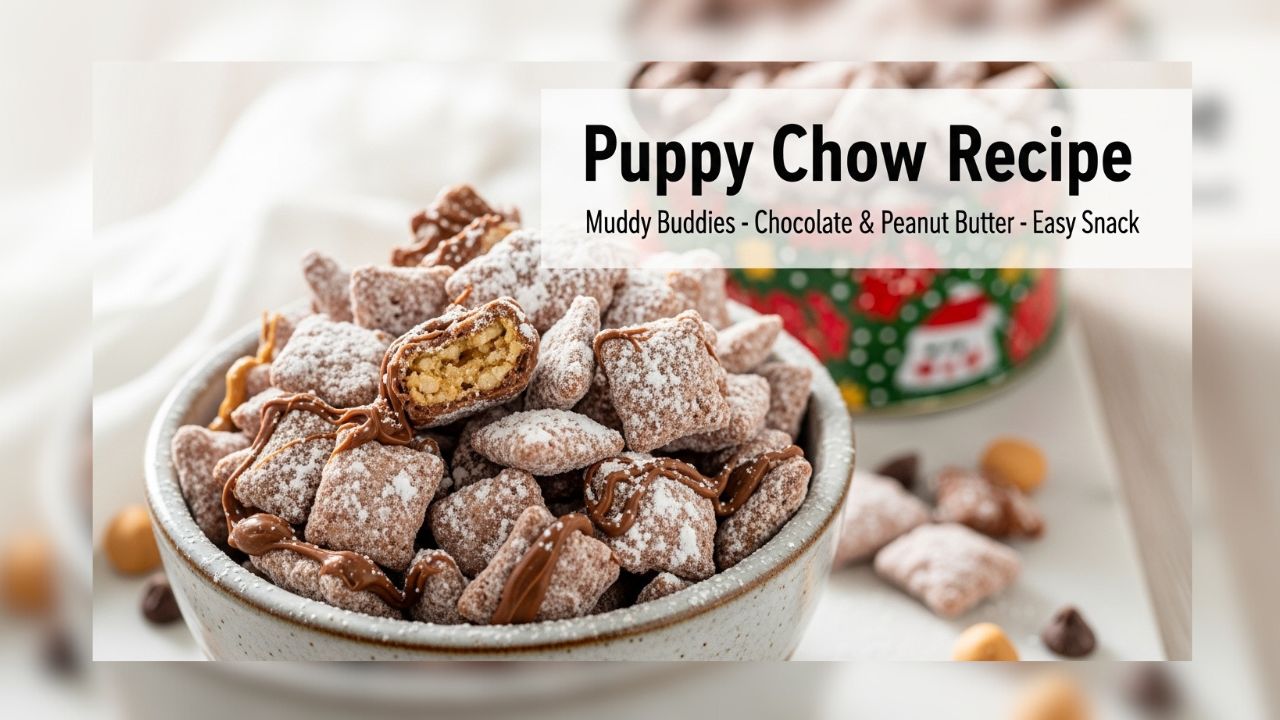 A close-up of broken pieces of Christmas Crack candy with sea salt and festive sprinkles.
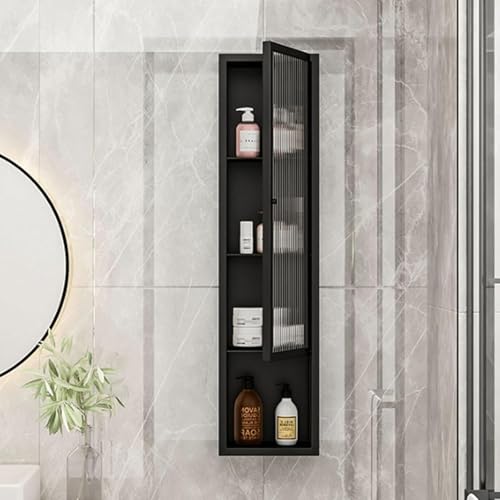 Vitrina de cristal montada en la pared de...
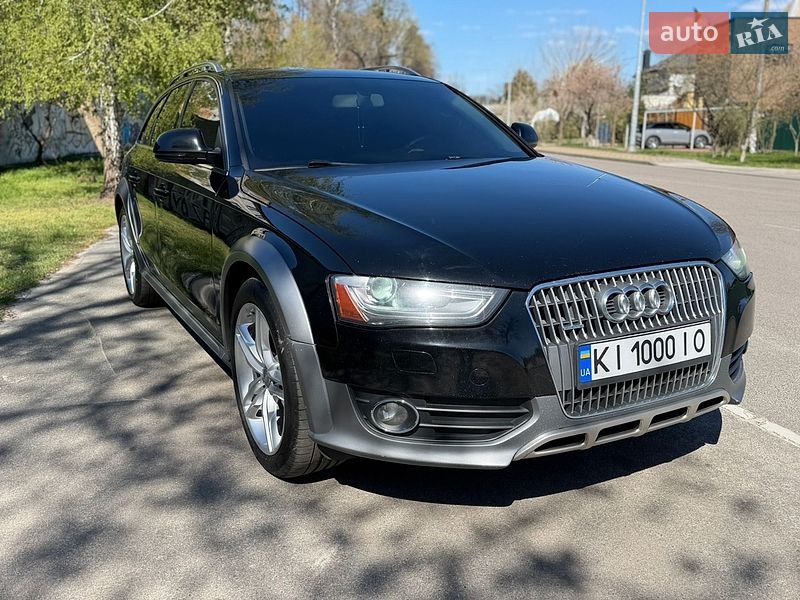 Універсал Audi A4 Allroad 2013 в Києві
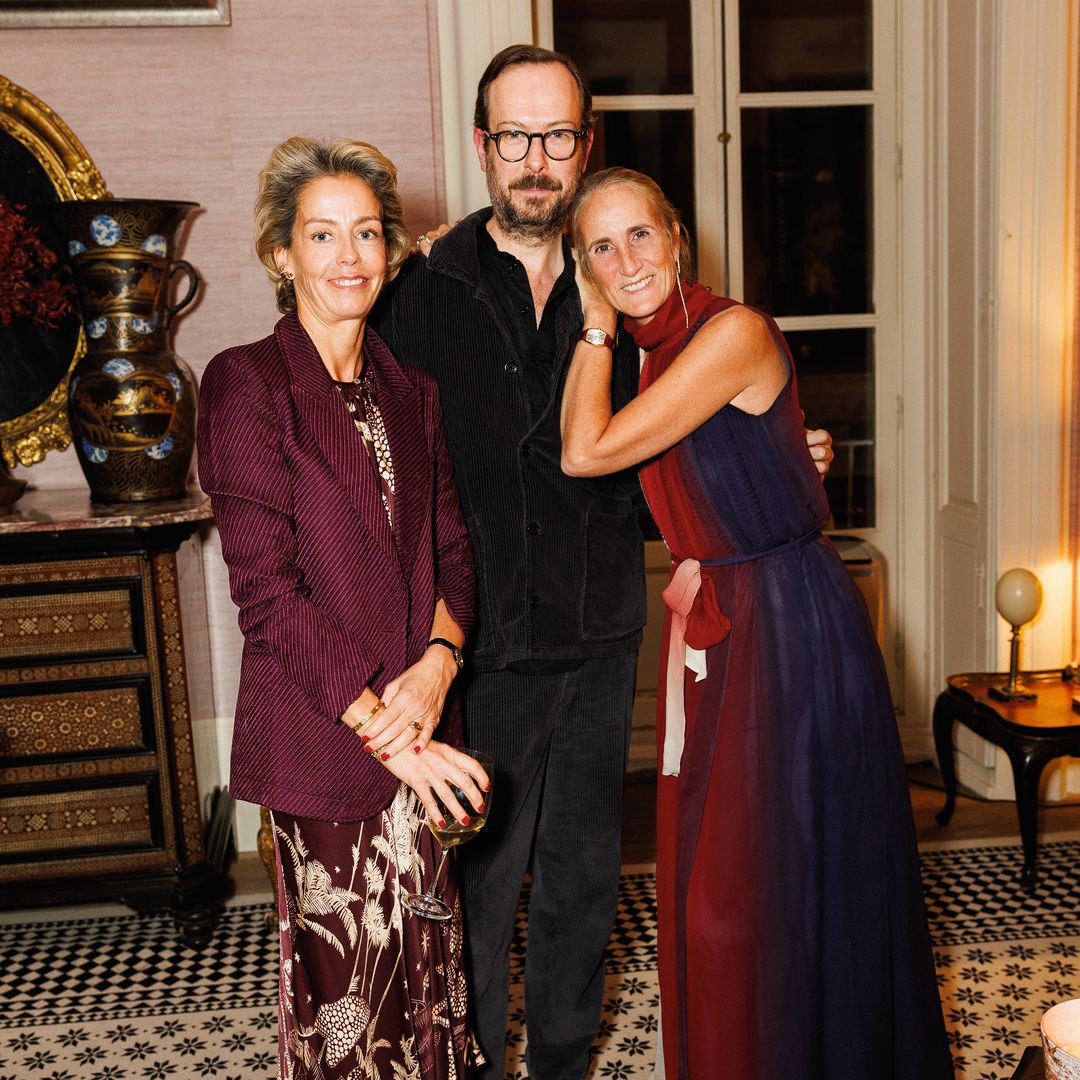 Sandra von Knoblock, Jan Taminiau y Cristina Lozano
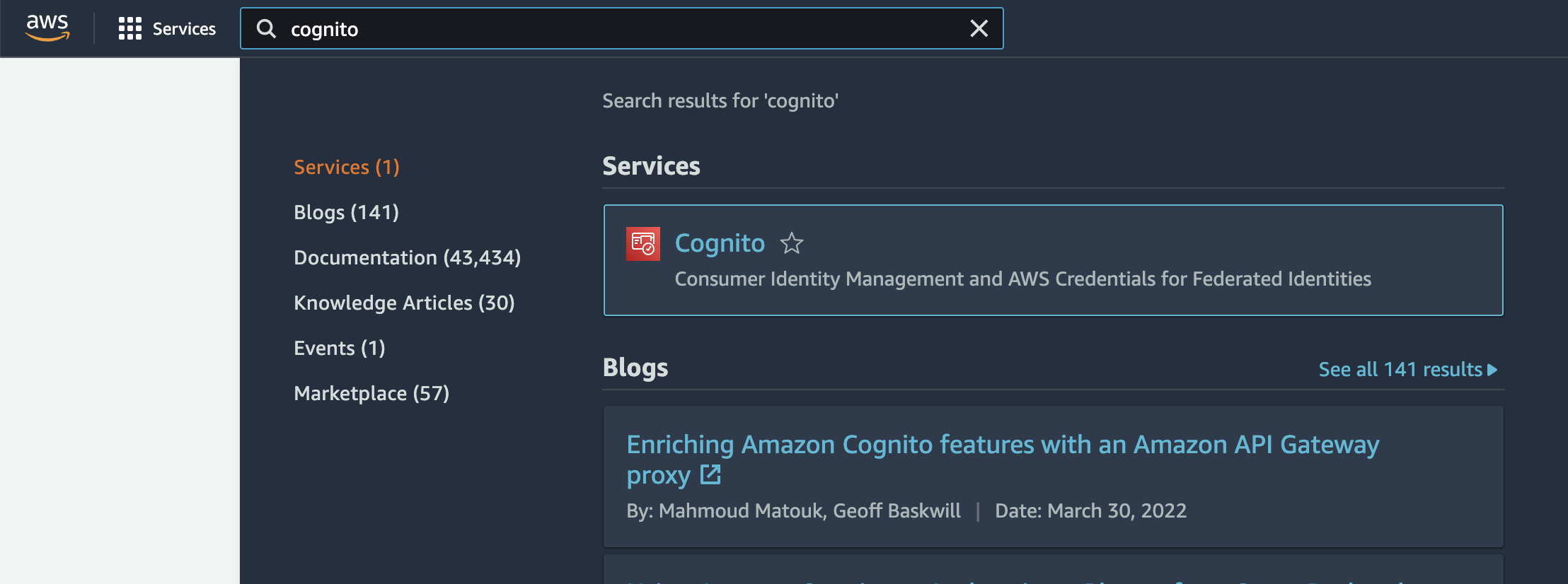 Amazon Cognito SSO | Collate Authentication Setup - Collate Documentation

[How to complete this task]: Write out all of the data above exactly, without any of its pictures.

[Problem solution]:
 A close-up of broken pieces of Christmas Crack candy with sea salt and festive sprinkles.
 Vitrina de cristal montada en la pared de...
 Універсал Audi A4 Allroad 2013 в Києві
 Sandra von Knoblock, Jan Taminiau y Cristina Lozano
 Amazon Cognito SSO | Collate Authentication Setup - Collate Documentation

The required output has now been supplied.